Just to be clear I will note down what I have understood and what I have in mind to do.
The issue as per my understanding: The tests in the example folder are not up to the mark and we have to add certain parts to fix this. For this, as the first point suggests when running tests in the examples folder the tests is not checking if Cuda or fp16 is available.
There are 4 tests in the test_examples.py
correct if I am wrong.
Good idea.
1) Yes. I think the desired behavior is
if torch.cuda.is_available():
Try to do that for all tests. Some will likely break. You can add a TODO to those and keep them running on CPU for now.
1b) You probably need a GPU to do this PR.
2) There are more tests than that:
$ ls examples/**/test*.py
examples/adversarial/test_hans.py
examples/summarization/bertabs/test_utils_summarization.py
examples/summarization/test_summarization_examples.py
examples/test_examples.py
examples/token-classification/test_ner_examples.py
examples/translation/t5/test_t5_examples.py
You don't need to cover all those tests. Feel free to break the work into very small PRs and tag me on them.

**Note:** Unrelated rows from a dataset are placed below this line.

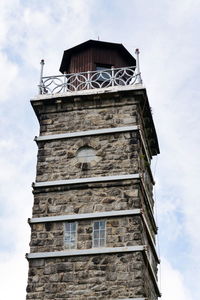 Low angle view of old building against sky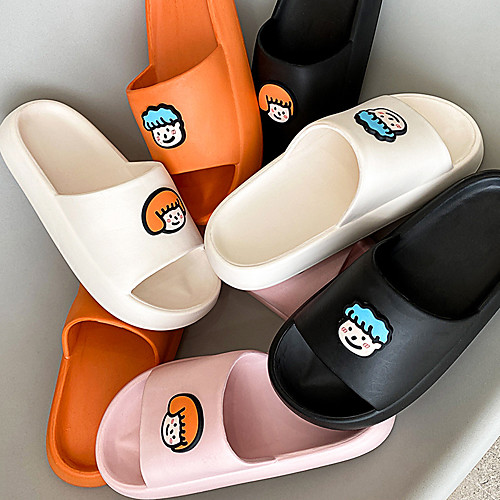 Summer Cartoon Couple Home Care Shoes Four Seasons Bathroom Shoes Thick-Soled Men's Sandals And Shower Slippers Home Slippers Women Summer
Summer Cartoon Couple Home Care Shoes Four Seasons Bathroom Shoes Thick-Soled Men's Sandals And Shower Slippers Home Slippers Women Summer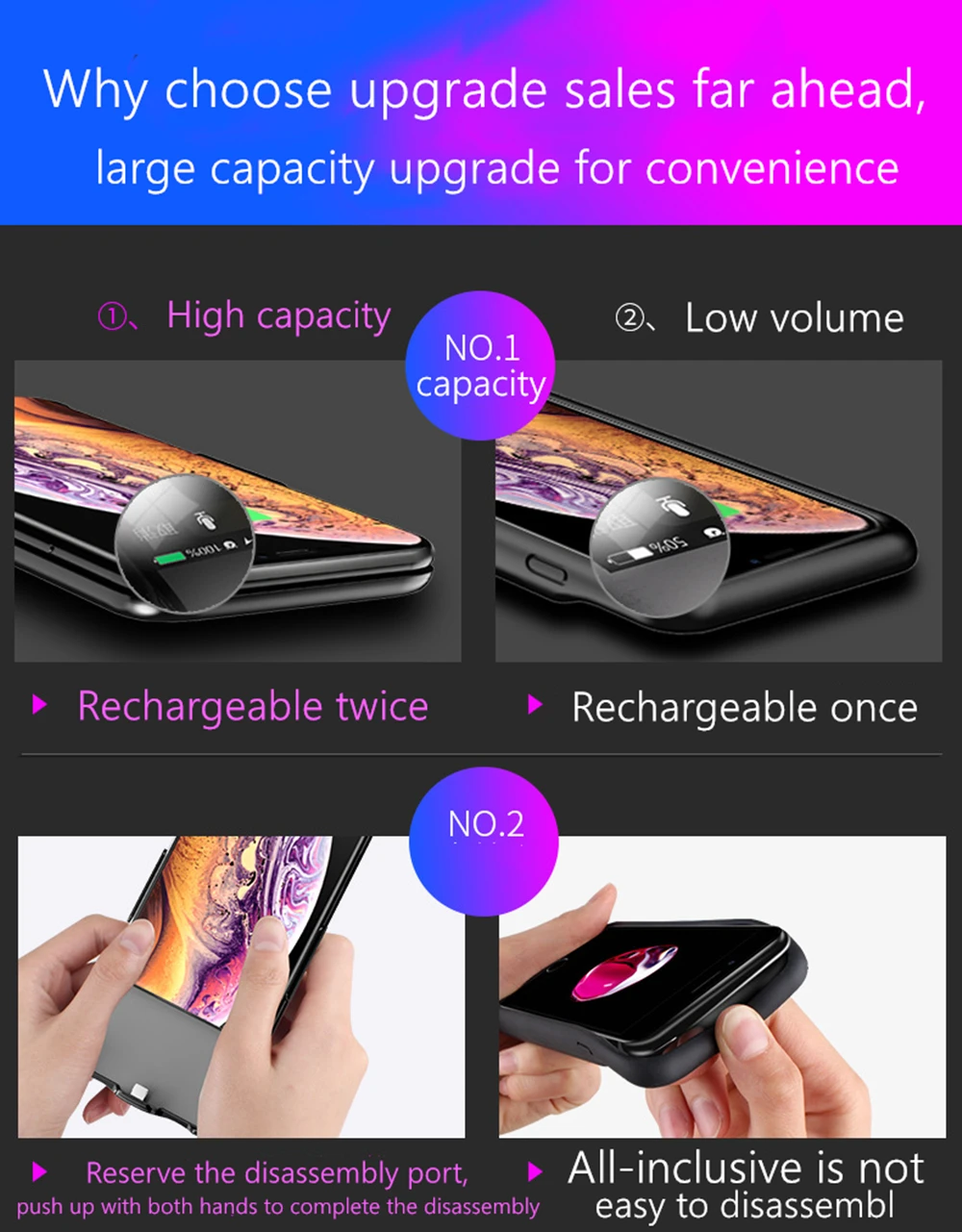 Чехол для iphone XS Max XR 5000/8000/6000mah power Bank Charing чехол для iphone 6 6s 7 8 Plus чехол для зарядного устройства для телефона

Thanks, @sshleifer for the clarification
I will start working on this.
2. The `@slow` decorator used in the main tests is not importable, so there are no @slow tests.
This is no longer the case.
from transformers.testing_utils import slow
This item can be removed.
3. `test_run_glue` uses distilbert-case-cased. It should use a smaller model, one of the `tiny` family [here](https://huggingface.co/models?search=sshleifer/tiny) or a new tiny model.
I tried a few and either they have a wrong head dimension as in sshleifer/tiny-distilbert-base-cased (9x2), but tests are (2x2), so it won't load as is (size mismatch for classifier.weight: and size mismatch for classifier.bias), or they perform terribly with the current test settings.
I also did an experiment for the same for the suggested inside the existing test:
def test_run_language_modeling(self):
stream_handler = logging.StreamHandler(sys.stdout)
logger.addHandler(stream_handler)
# TODO: switch to smaller model like sshleifer/tiny-distilroberta-base
with terrible results (perplexity > 5,000, whereas the current one < 35).
So when these tiny models are suggested as a replacement to speed things up, what things are to be sacrificed?
Happy to do big models and mark slow. I just don't want to do big models when we are only testing output shape.
Happy to do big models and mark slow. I just don't want to do big models when we are only testing output shape.
So then we could write a test that uses a tiny model that does just that? i.e. no outcome quality checks. Leaving big models for quality checks with @slow.
Yes!
This issue has been automatically marked as stale because it has not had recent activity. It will be closed if no further activity occurs. Thank you for your contributions.